[Data excerpts]

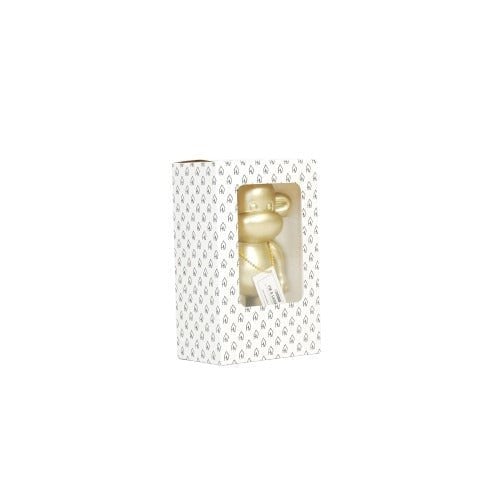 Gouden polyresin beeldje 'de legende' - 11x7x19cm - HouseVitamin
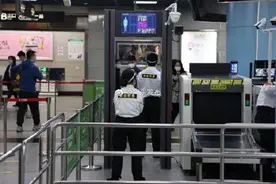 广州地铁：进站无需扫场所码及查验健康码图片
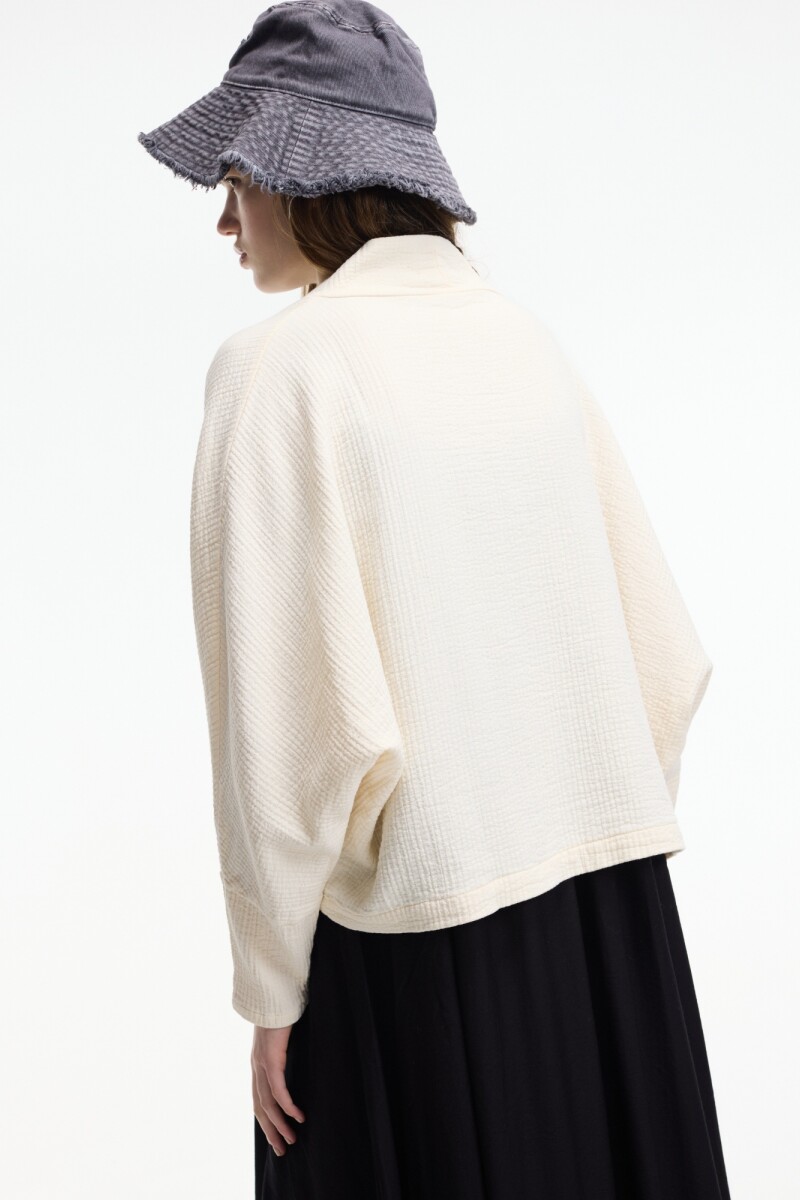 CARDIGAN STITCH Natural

...

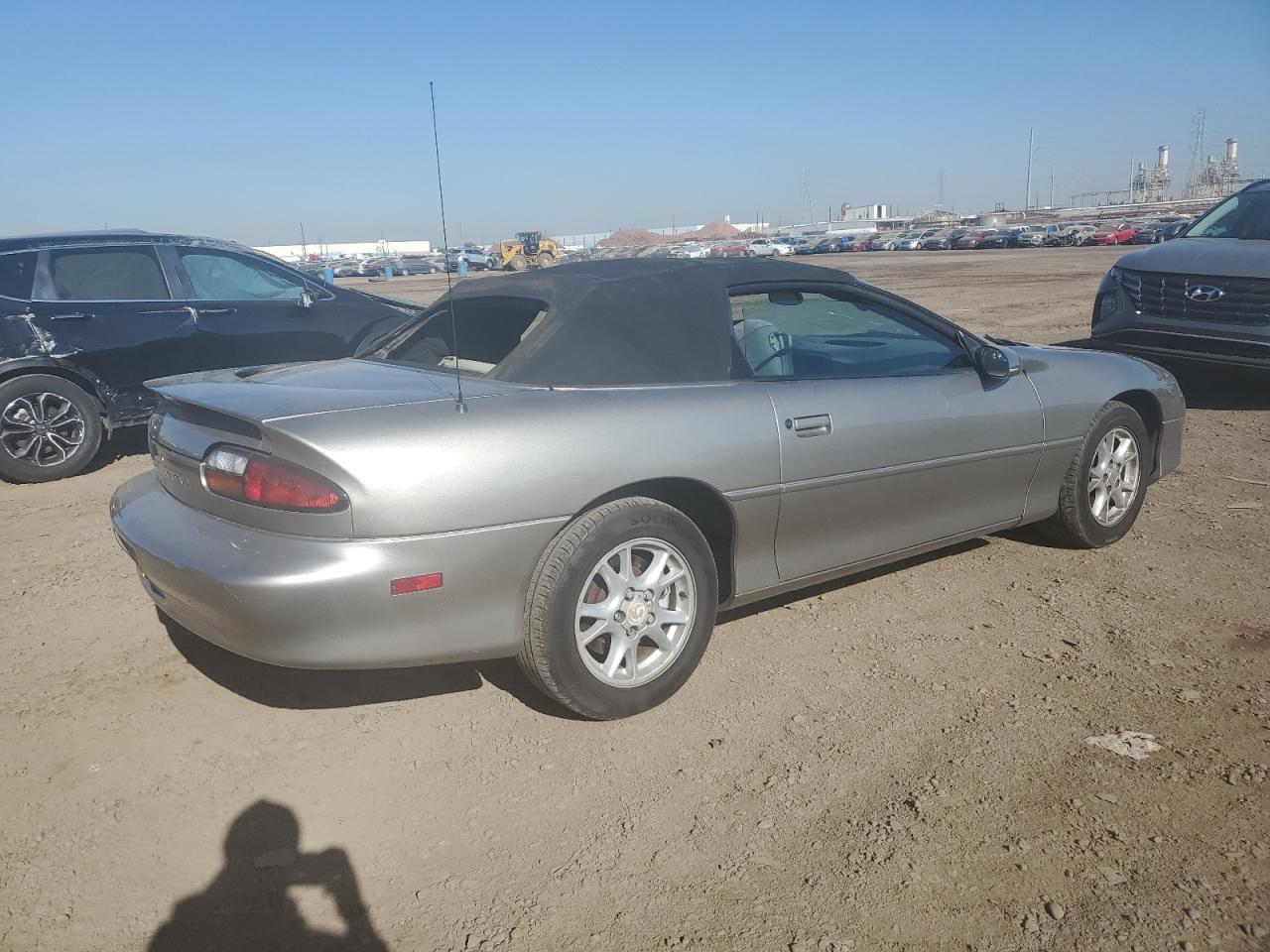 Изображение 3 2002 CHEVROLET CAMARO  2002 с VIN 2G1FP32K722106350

[Exercise]
Set the pictures aside and reproduce exactly the lines above, from the line holding "Gouden polyresin beeldje" through the line holding "CARDIGAN STITCH Natural", both included, with nothing else.

[Result for this task]
 Gouden polyresin beeldje 'de legende' - 11x7x19cm - HouseVitamin
 广州地铁：进站无需扫场所码及查验健康码图片
 CARDIGAN STITCH Natural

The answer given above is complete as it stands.